L’OMS sonne l’alerte face à l’épidémie d’Ebola en République démocratique du Congo

L’Organisation mondiale de la santé (OMS) a récemment tiré la sonnette d’alarme en raison de la propagation du variant Bundibugyo d’Ebola, qui touche actuellement l’Afrique centrale. Ce dimanche, l’OMS a activé son deuxième niveau d’alerte internationale le plus élevé, soulignant la gravité de la situation.

EN BREF

  • Le variant Bundibugyo d’Ebola a été déclaré en République démocratique du Congo.
  • 246 cas suspects et 80 décès suspects ont été signalés dans la province d’Ituri.
  • Ce variant est particulièrement dangereux, sans vaccin ni traitement spécifique disponible.

Le directeur général de l’OMS, Tedros Adhanom Ghebreyesus, a déclaré que l’épidémie, bien que préoccupante, ne répond pas aux critères d’une urgence pandémique. Au 16 mai 2026, les autorités sanitaires avaient identifié huit cas confirmés en laboratoire et un nombre alarmant de cas suspects.

La situation est particulièrement critique dans la province d’Ituri, où des villes comme Bunia, Rwampara et Mongbwalu sont touchées. Les autorités sanitaires ont également signalé des cas confirmés à Kampala, en Ouganda, chez des personnes revenant de la République démocratique du Congo, ce qui indique une potentielle propagation transfrontalière.

Par ailleurs, un cas de contamination a été détecté à Goma, une grande ville de l’est de la RDC, déjà fragilisée par des conflits persistants. Selon le Pr Jean-Jacques Muyembe, directeur de l’Institut national de recherche biomédicale (INRB) congolais, la femme contaminée avait été en contact avec son mari, décédé du virus Ebola.

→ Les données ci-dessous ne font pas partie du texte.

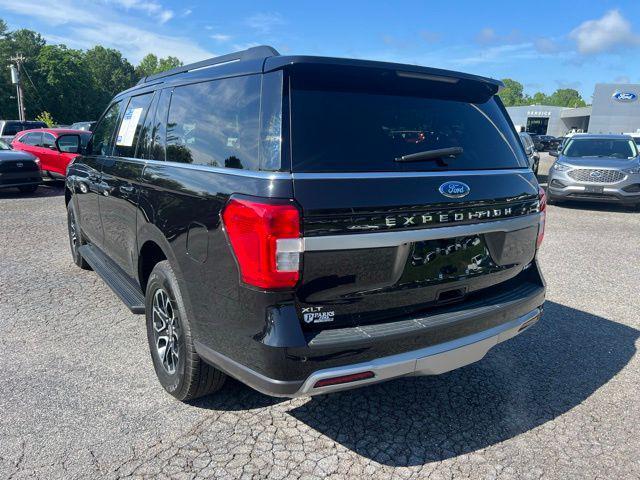 used 2024 Ford Expedition Max car, priced at $51,138
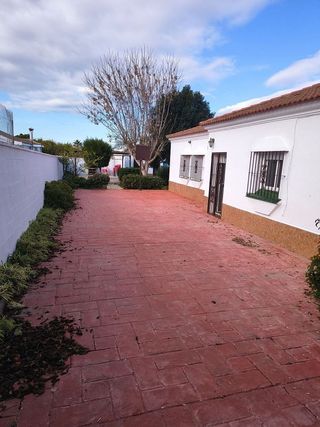 Chalet en venta en Pinar de los Franceses - Marquesado en Chiclana de la Frontera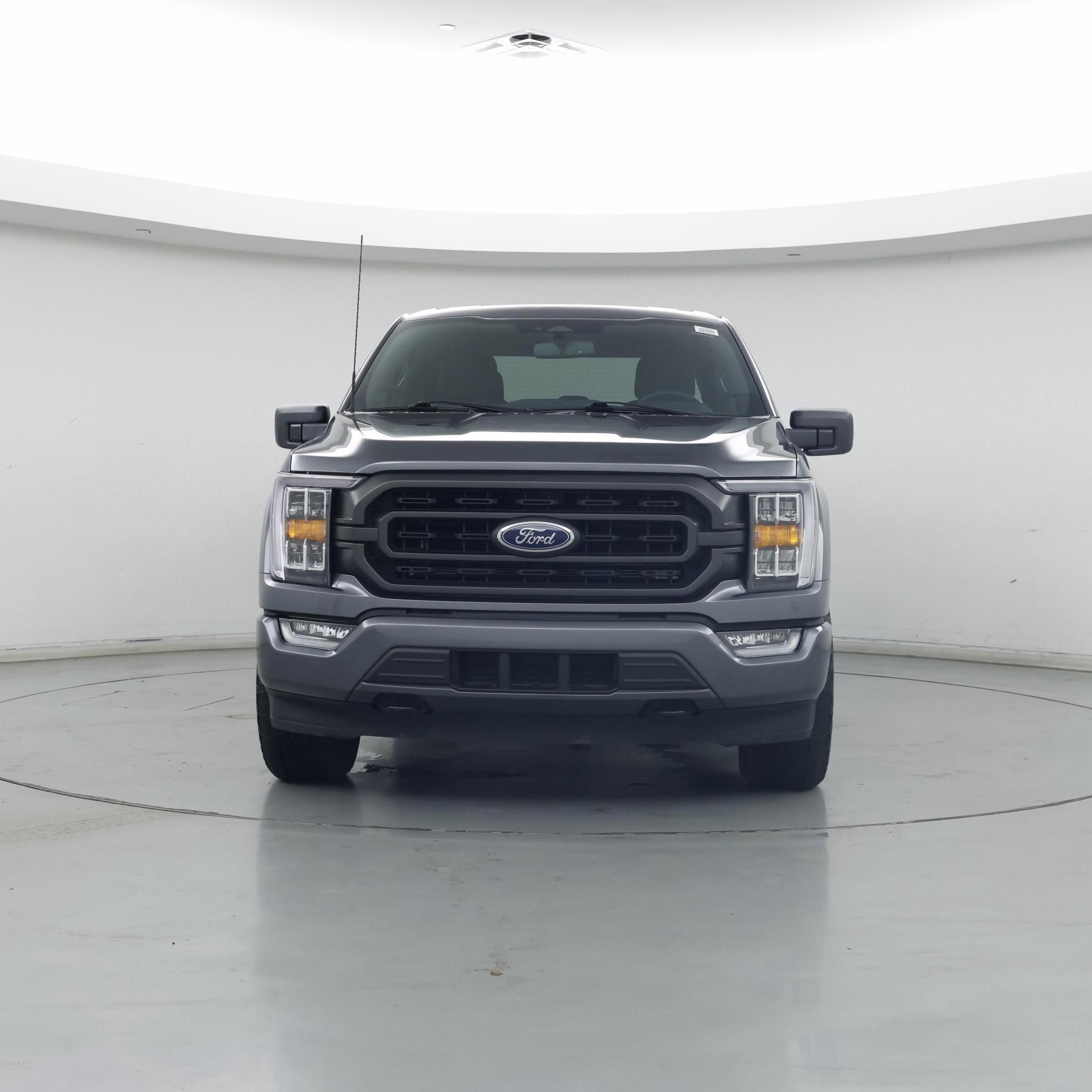 Thumbnail: 2023 Ford F-150 - 5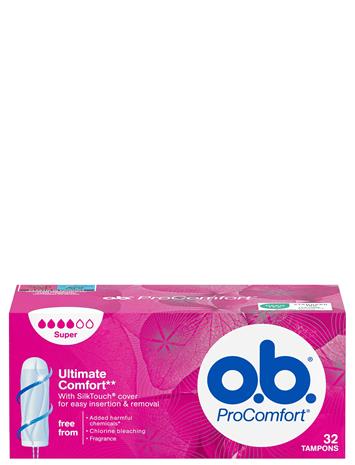 O.B. ProComfort – kuva 5/5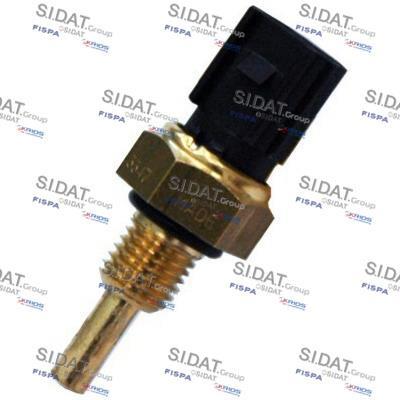 Sensor de temperatura motor FISPA ref. 82.466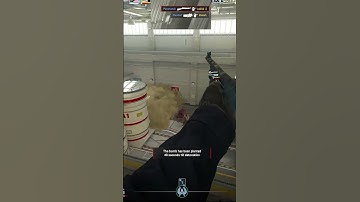 Nova is a Sniper #youtubeshorts #shorts #gaming #cs2clips #csgo #counterstrike #clips #shotgun #cs2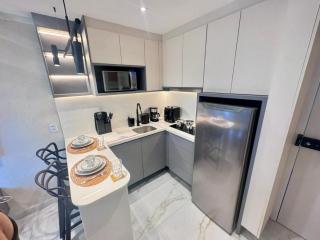 Harbor Living By Flat na Praia - Porto de Galinhas - 9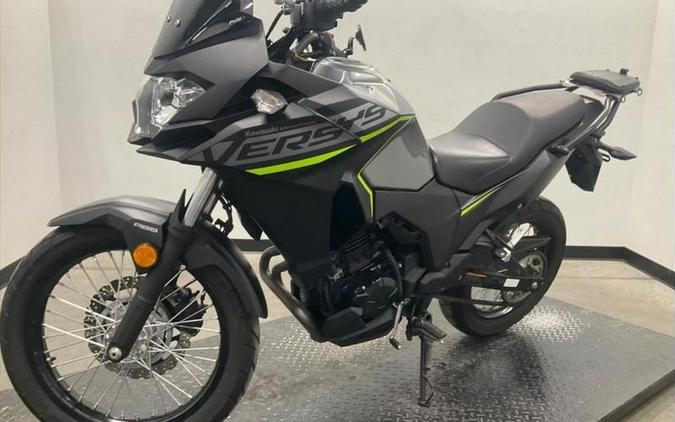 2019 Kawasaki Versys®-X 300 ABS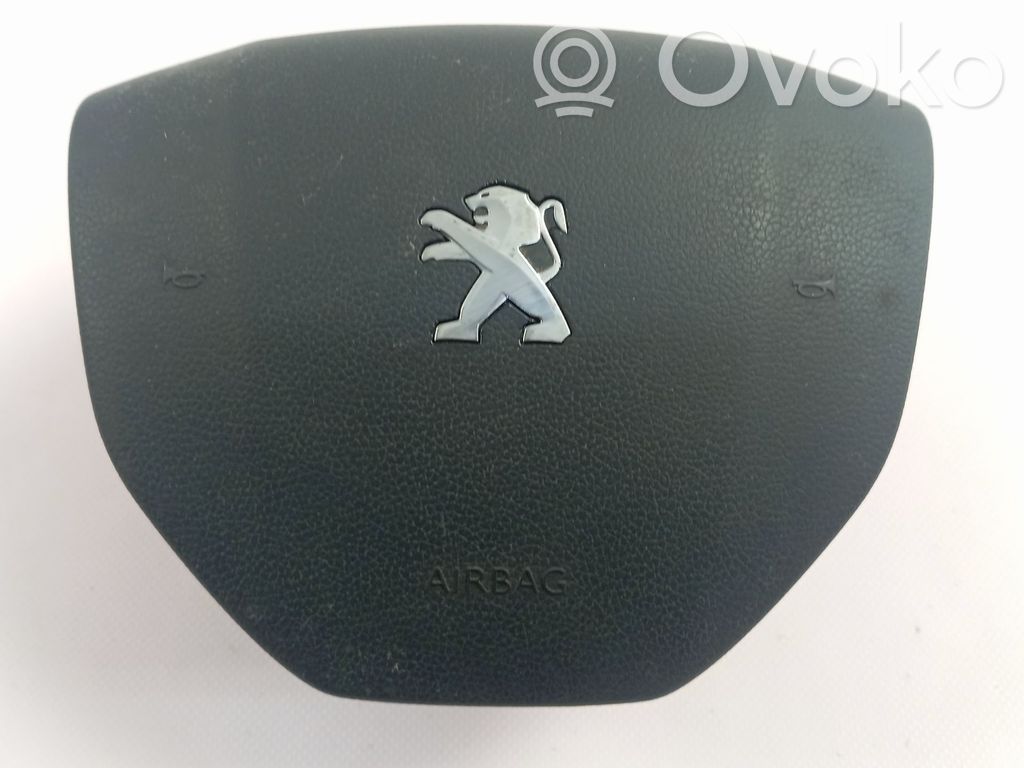 Peugeot Traveller Airbag volan 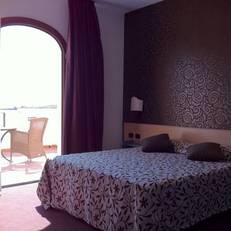 Porthotel Calandra 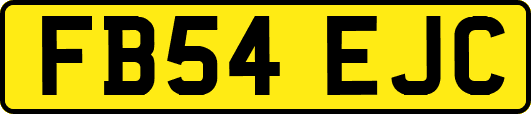 FB54EJC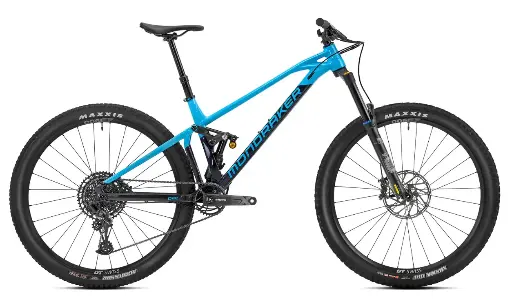 Mondraker foxy R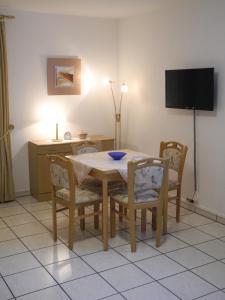 Ferienwohnung Heinen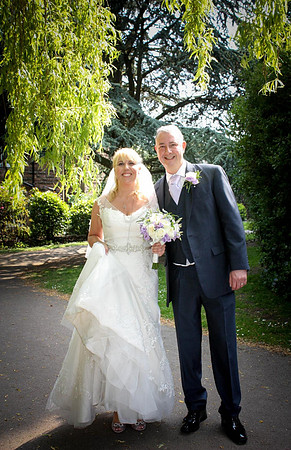 Mcan Photography Matted Wedding Album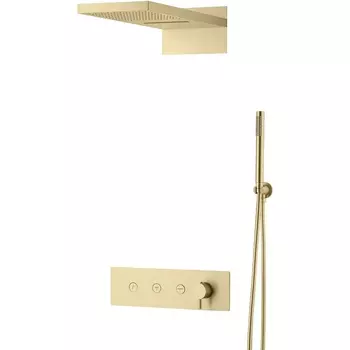 Душевая система Boheme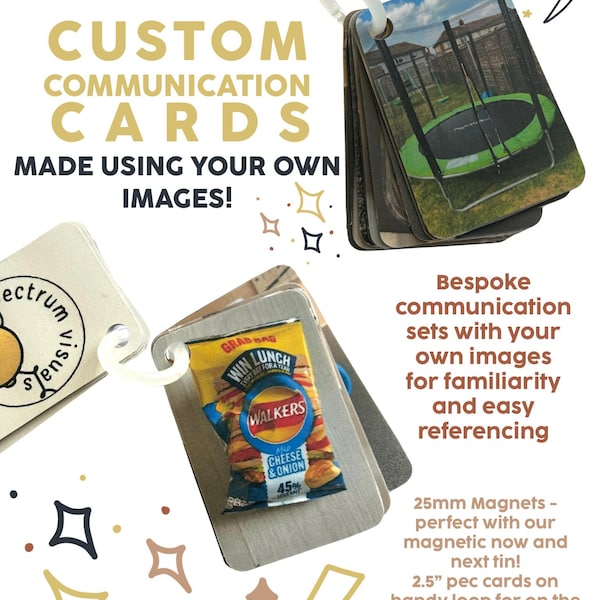 Visual Pics - Etsy UK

La majorité des cas suspects signalés concernent des individus âgés de 20 à 39 ans, et 60 % des personnes touchées sont des femmes. Cela souligne les risques importants de transmission au sein des foyers et par les personnes aidantes. L’OMS rappelle que la maladie d’Ebola, bien que rare, est particulièrement mortelle, avec un taux de létalité pouvant atteindre 90 % selon les souches.

Un contexte épidémiologique complexe

Le variant Bundibugyo, qui n’a pas de vaccin ni de traitement spécifique, pose des défis majeurs. Le ministre de la Santé congolais, Samuel-Roger Kamba, a déclaré que cette souche pourrait mener à un taux de létalité de 50 %. Ce variant a déjà causé deux épidémies dans le passé, en Ouganda en 2007 et en RDC en 2012.

Les épidémies d’Ebola en RDC sont fréquentes, et celle-ci est déjà la 17e depuis l’identification de la maladie en 1976. L’épisode le plus meurtrier, entre 2018 et 2020, avait causé près de 2 300 décès. Les événements récents soulignent l’importance d’une réponse rapide et coordonnée pour contenir le virus.

La région est également marquée par des conflits armés, ce qui complique l’accès humanitaire et les efforts de contrôle. Les violences se sont intensifiées ces dernières années avec l’essor du groupe M23, et l’accès à certaines zones est devenu difficile à cause des tensions sécuritaires.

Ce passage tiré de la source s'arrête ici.